Last Sunday was my hardest day. My scene was torn apart in the advisor meeting, so screening it in front of a movie theater full of people was about as enjoyable as paper-cutting my eyeballs. I felt untalented and silly and I didn’t want to show that side of myself. Then I asked Michelle Satter (Director of the Feature Film Program) why we’re asked to screen work that we feel we struggled with AND already learned from. She said that if we don’t show the work, even if we feel we failed, then it becomes too precious.

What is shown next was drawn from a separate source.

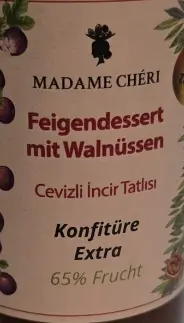 Madame Chérie Feigendessert mit Walnüssen 290 g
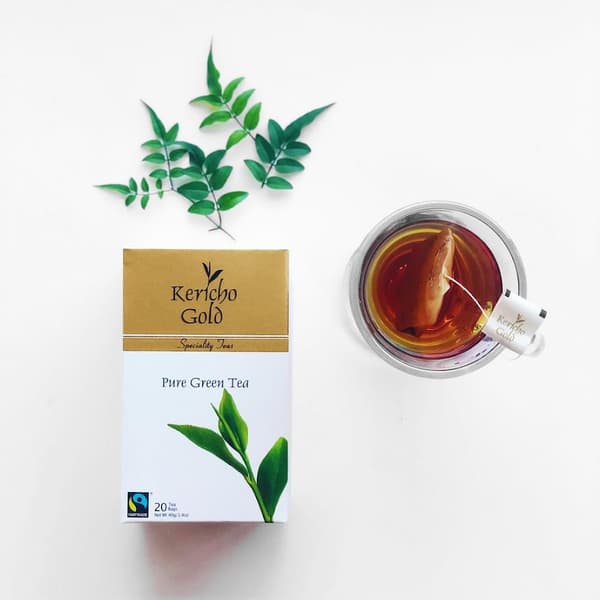 KERICHO GOLD Special REN GRØN TE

That, in a nutshell, is what makes this experience so challenging and so necessary for me. Exploring, fumbling, failing, and brushing yourself off is the heartbeat of this lab. Here you have nothing to hide behind. You can’t hide behind intellectualizing your script or your shooting plan to anyone. Years can go by where I can cling onto an idea and the longer I cling the more I need it to be true. The lab says, forget all that, get it on its feet, let it stumble, let it be something you didn’t think it was. Bookstores are filled with self-help sections devoted to telling me not to fear failing. But here at the lab, they don’t spend time telling us not to fear it. They just want us to do it anyway. Just get the thing up and show it. Make it past the privacy of you and your computer. Risk the chance of finding out that it’s not what you thought, otherwise you won’t have the chance to find out what it is.